Assignment: In the data below, begin at the line with "Liskeard Cottage |" and stop after the line with "ანგისის 3 ჩიხი 4 - 3 rooms"; output those lines exactly and no pictures.

Data under study:
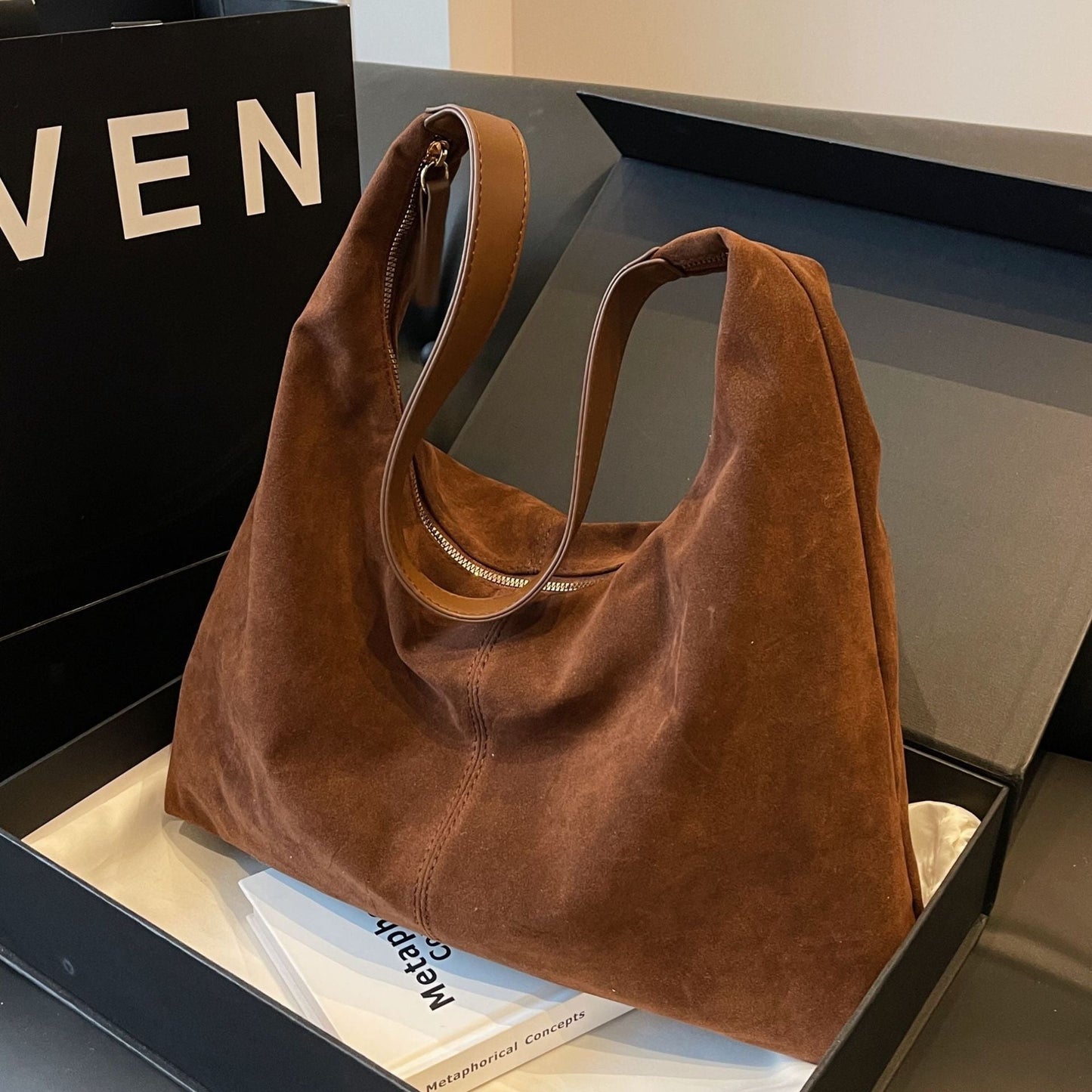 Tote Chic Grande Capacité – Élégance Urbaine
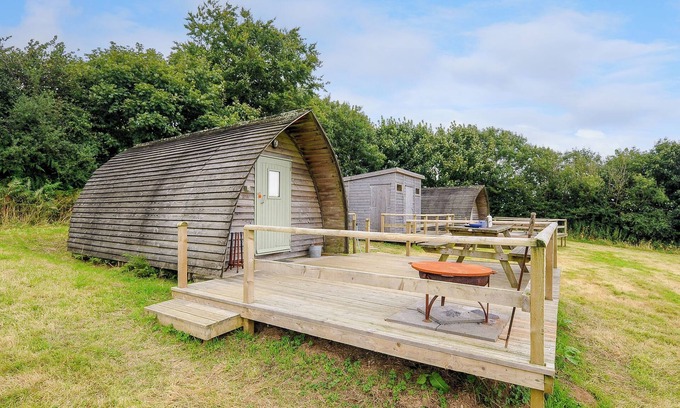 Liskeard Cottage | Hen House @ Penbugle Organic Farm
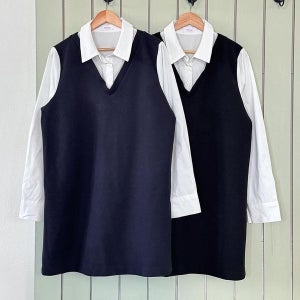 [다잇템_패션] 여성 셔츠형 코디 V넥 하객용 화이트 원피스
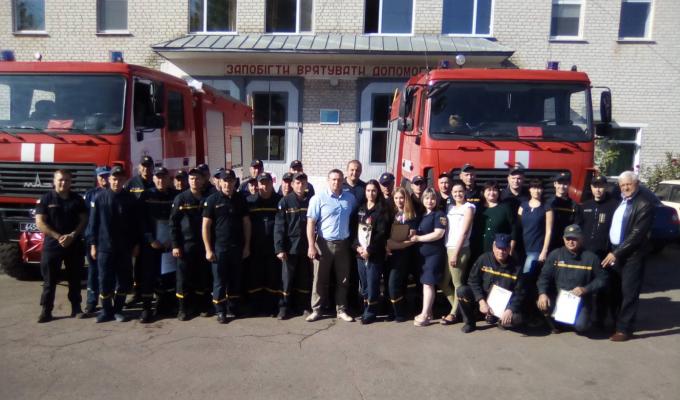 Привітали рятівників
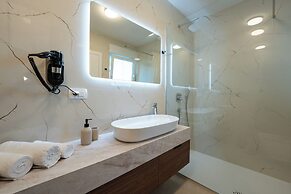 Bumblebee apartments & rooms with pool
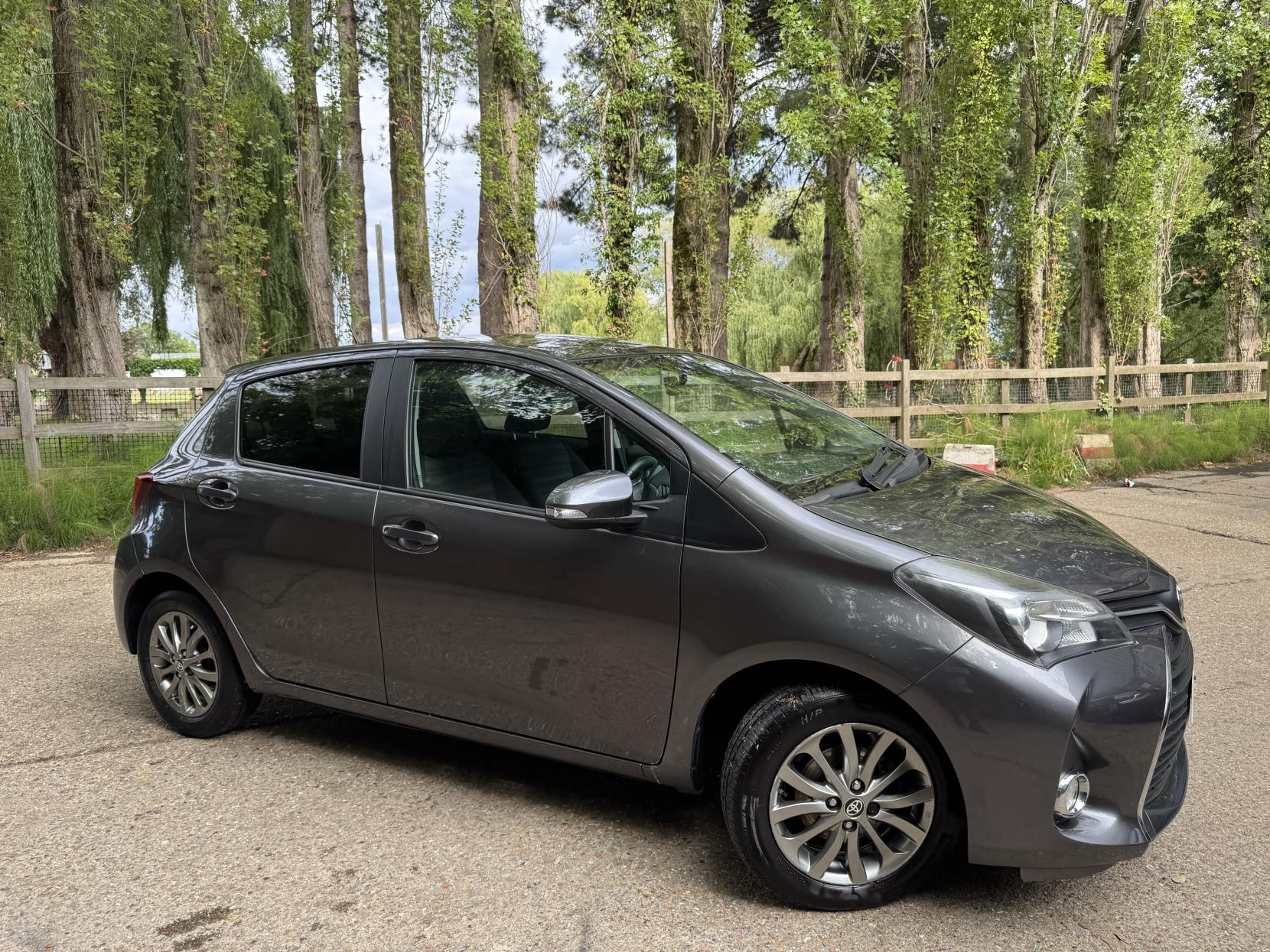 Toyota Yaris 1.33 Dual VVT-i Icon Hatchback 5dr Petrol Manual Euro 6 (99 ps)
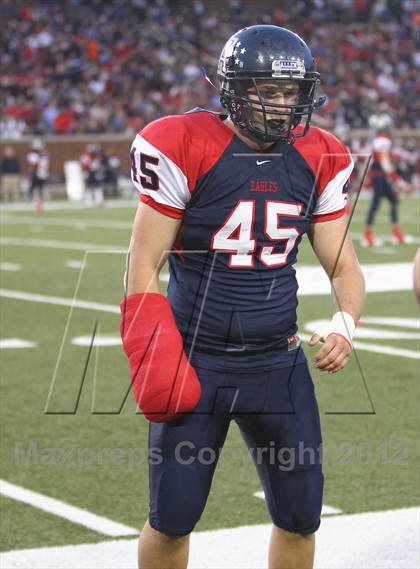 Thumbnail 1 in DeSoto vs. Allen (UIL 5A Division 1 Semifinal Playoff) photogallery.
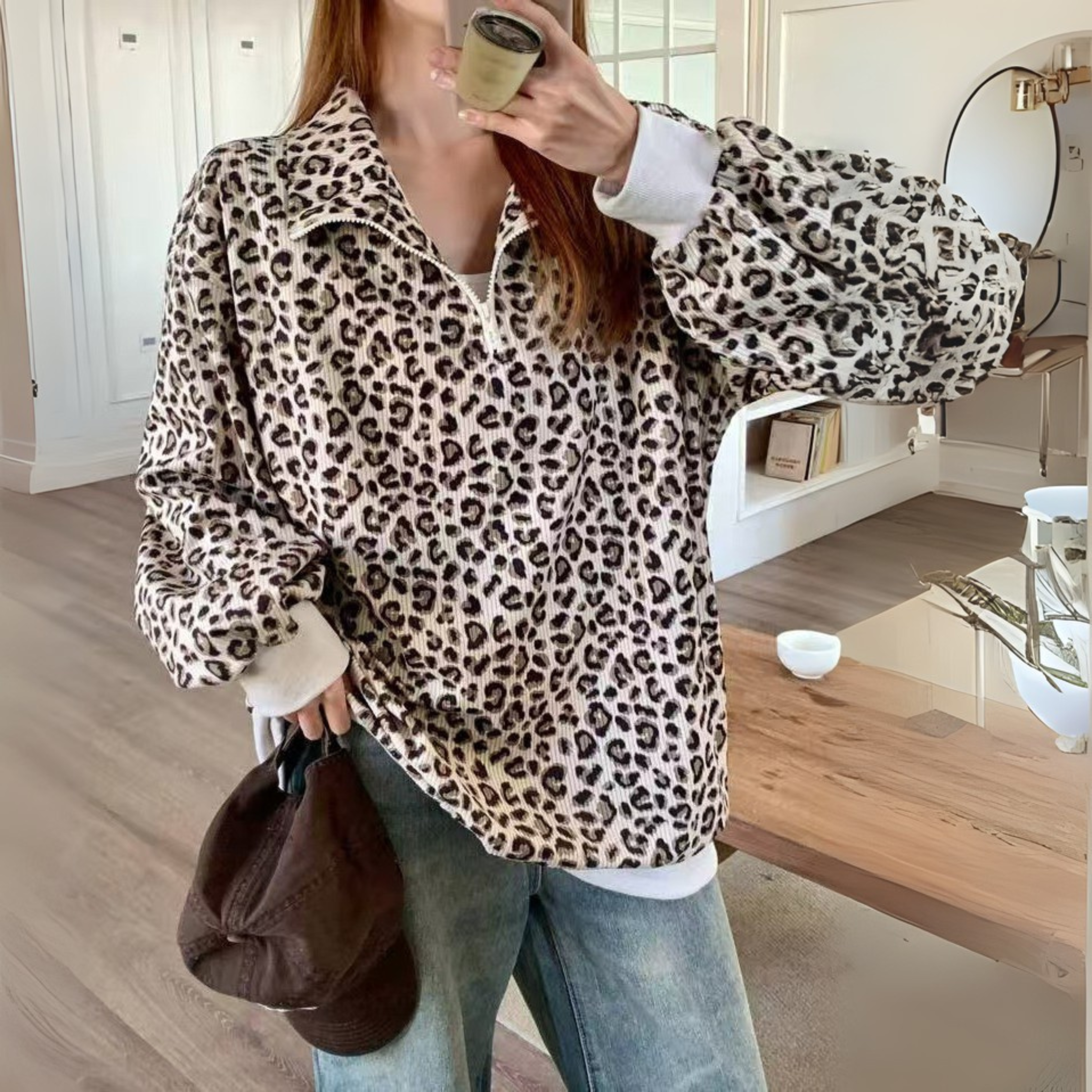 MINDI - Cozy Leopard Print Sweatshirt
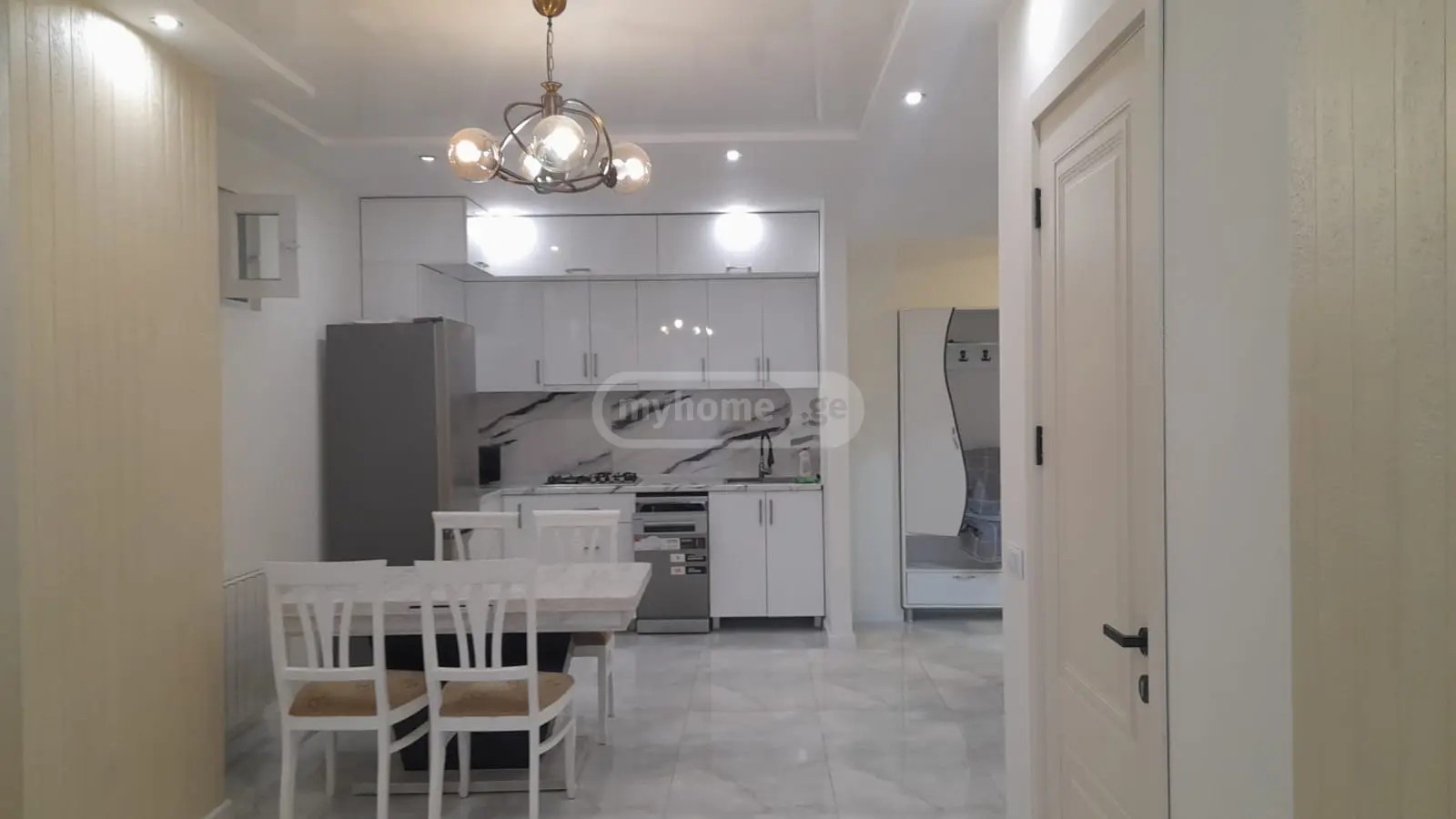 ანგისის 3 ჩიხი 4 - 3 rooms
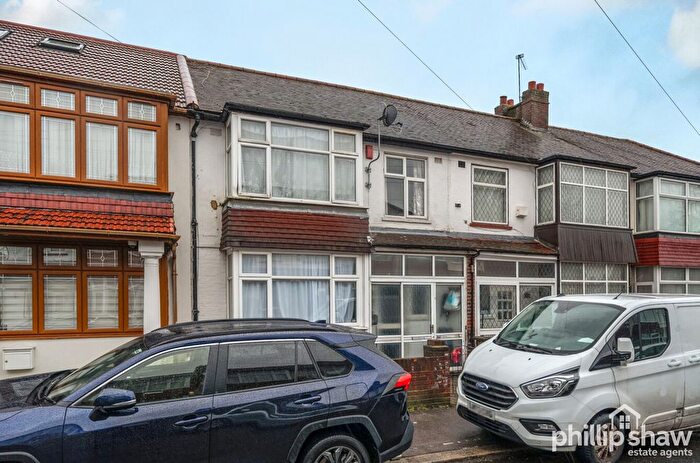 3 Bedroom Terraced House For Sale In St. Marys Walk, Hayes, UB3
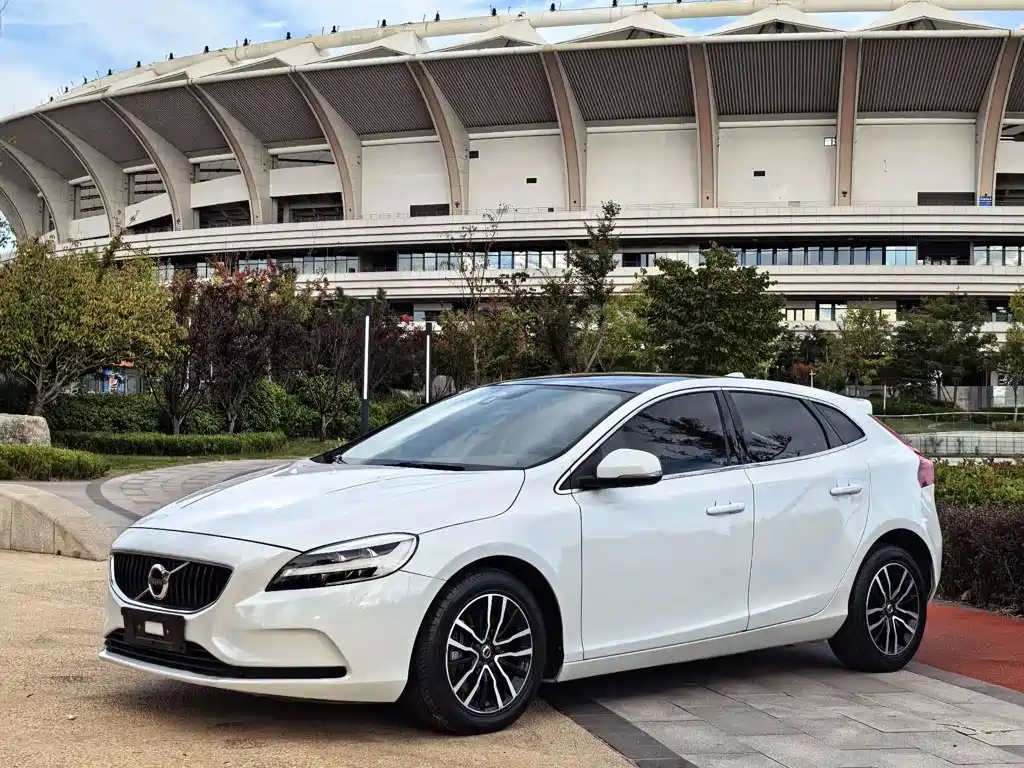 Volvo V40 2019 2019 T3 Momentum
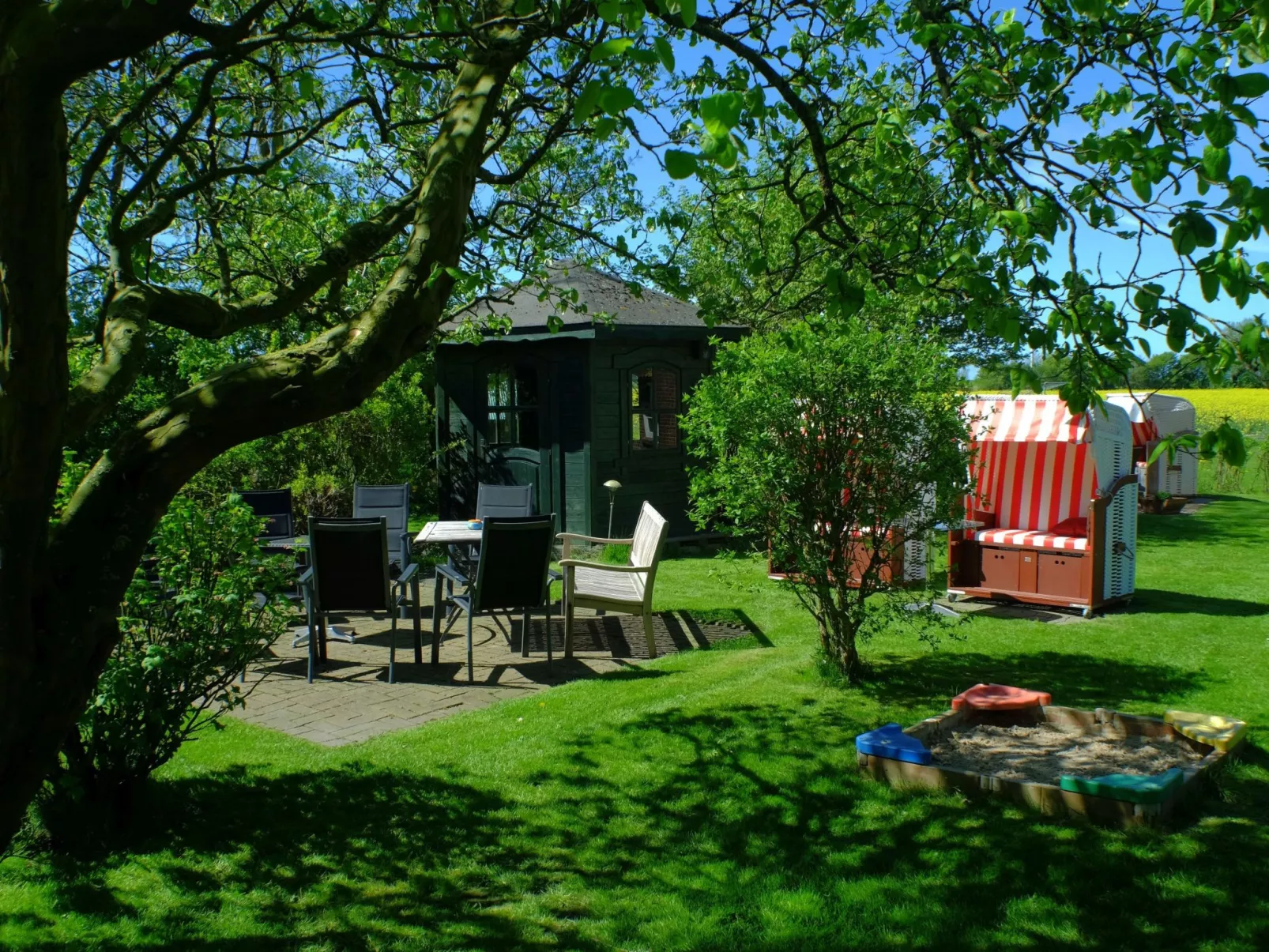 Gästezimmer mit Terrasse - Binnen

Expected answer:
 Liskeard Cottage | Hen House @ Penbugle Organic Farm
 [다잇템_패션] 여성 셔츠형 코디 V넥 하객용 화이트 원피스
 Привітали рятівників
 Bumblebee apartments & rooms with pool
 Toyota Yaris 1.33 Dual VVT-i Icon Hatchback 5dr Petrol Manual Euro 6 (99 ps)
 Thumbnail 1 in DeSoto vs. Allen (UIL 5A Division 1 Semifinal Playoff) photogallery.
 MINDI - Cozy Leopard Print Sweatshirt
 ანგისის 3 ჩიხი 4 - 3 rooms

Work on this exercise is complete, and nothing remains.